Published: 12 December 2023
Contributors: Dave Bergmann
Semi-supervised learning is a branch of machine learning that combines supervised and unsupervised learning by using both labeled and unlabeled data to train artificial intelligence (AI) models for classification and regression tasks.
Though semi-supervised learning is generally employed for the same use cases in which one might otherwise use supervised learning methods, it’s distinguished by various techniques that incorporate unlabeled data into model training, in addition to the labeled data required for conventional supervised learning.
Semi-supervised learning methods are especially relevant in situations where obtaining a sufficient amount of labeled data is prohibitively difficult or expensive, but large amounts of unlabeled data are relatively easy to acquire. In such scenarios, neither fully supervised nor unsupervised learning methods will provide adequate solutions.
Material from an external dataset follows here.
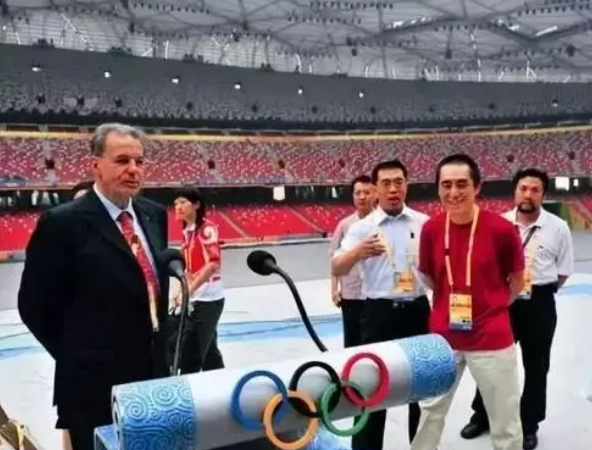 张艺谋|张艺谋豪掷240万买定制版，39岁陈婷低调陪同，全程坐在一旁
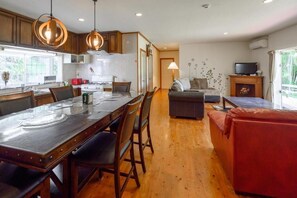 Family House, Garden View | In-room dining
Training AI models for prediction tasks like classification or regression typically requires labeled data: annotated data points that provide necessary context and demonstrate the correct predictions (output) for each sample input. During training, a loss function measures the difference (loss) between the model’s predictions for a given input and the “ground truth” provided by that input’s label. Models learn from these labeled examples by using techniques like gradient descent that update model weights to minimize loss. Because this machine learning process actively involves humans, it is called “supervised” learning.
Properly labeling data becomes increasingly labor-intensive for complex AI tasks. For example, to train an image classification model to differentiate between cars and motorcycles, hundreds (if not thousands) of training images must be labeled “car” or “motorcycle”; for a more detailed computer vision task, like object detection, humans must not only annotate the object(s) each image contains, but where each object is located; for even more detailed tasks, like image segmentation, data labels must annotate specific pixel-by-pixel boundaries of different image segments for each image.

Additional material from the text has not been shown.